When it comes to editorial and advertorial, both mediums can be excellent marketing tools, but it’s important to be able to differentiate between them.
Think of advertorial as simplistically as possible. It’s a promotional advert, written by a company or individual who is paying for that advertising space or slot. This approach is not always value for money as the ad you’re paying for might come with a hefty price tag, and return on investment is not guaranteed, but this method is very popular amongst consumer brands. As an extension of traditional adverts, companies have begun to favour advertorial or sponsored content to be placed on blogs, social, online media outlets etc. The way to be seen within the sea of influencers adopting changing trends and thriving in competitive markets is to pay up! In addition to the traditional full-page advertisements that we’re all familiar with, advertorial content must always include a strapline for transparency that audiences recognise as a disclosure of endorsement.
Editorial is a PR agency’s best friend. It carries significant authority, builds brand credibility and is usually free!
Essentially, editorials feature in newspapers, magazines, websites and newsletters. They are usually written by journalists or PR agencies – like us! They should contain informative and interesting information, providing the potential to spark high-level dialogue across the nation, or industry sector, with newsworthy content. Placing editorial in media outlets can be challenging as the publication dictates when, where, how and if it appears at all. However, successful publication means the stamp of approval has been given by the editor which adds to the reader’s perceptions of credibility.

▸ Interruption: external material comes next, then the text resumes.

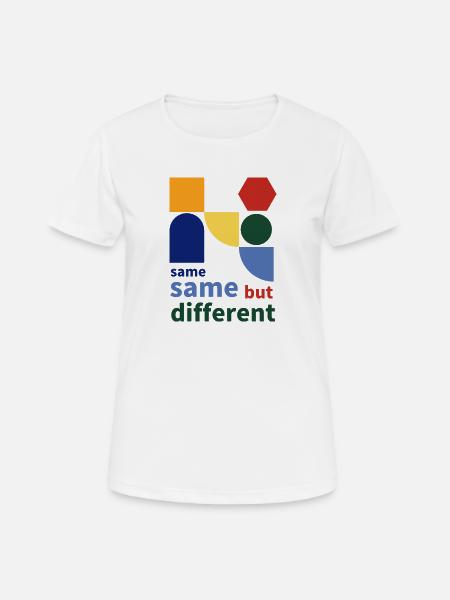 same same but different - Frauen T-Shirt atmungsaktiv - Weiß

Paying for your material to be published can be deemed self-serving even though it permits creative freedom and the choice of where your advert will appear. This isn’t to say that advertorials should be ignored as they are advantageous for extensive marketing with the potential to appear in high profile publications.

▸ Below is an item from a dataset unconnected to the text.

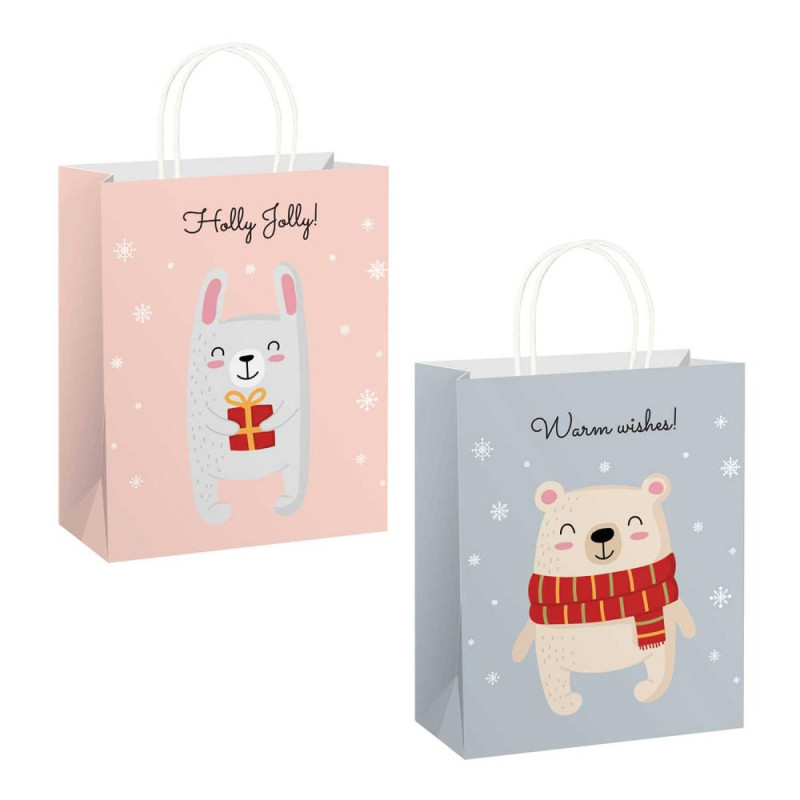 Darilna vrečka eko L novo leto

The most significant difference between editorial and advertorial lies in the way the content is written. Paying for advertorials ensures your article will be published in exactly the same format as it’s submitted. Editorial on the other hand is subject to the editor’s scrutiny, who will decide whether it will be used, how long it will be and how many images (if any) will be used. In both B2B and B2C, editorial contributions can take the shape of opinion pieces and thought leadership articles, targeted towards specific audiences. Advertorials are generally heavily biased with the sole purpose of increasing product awareness and brand exposure.
Finding editorial coverage can be time-consuming, especially as publication isn’t guaranteed. If you know you need to be seen in a specific title at a specific time, advertorial may be for you. However, a good PR agency will include both elements in its offering and will be able to establish and maintain good relationships with the media.
Ultimately, advertorial guarantees exposure but editorial holds more credibility. Both have unique advantages and the best PR campaigns will consider whichever option best fits the current objective.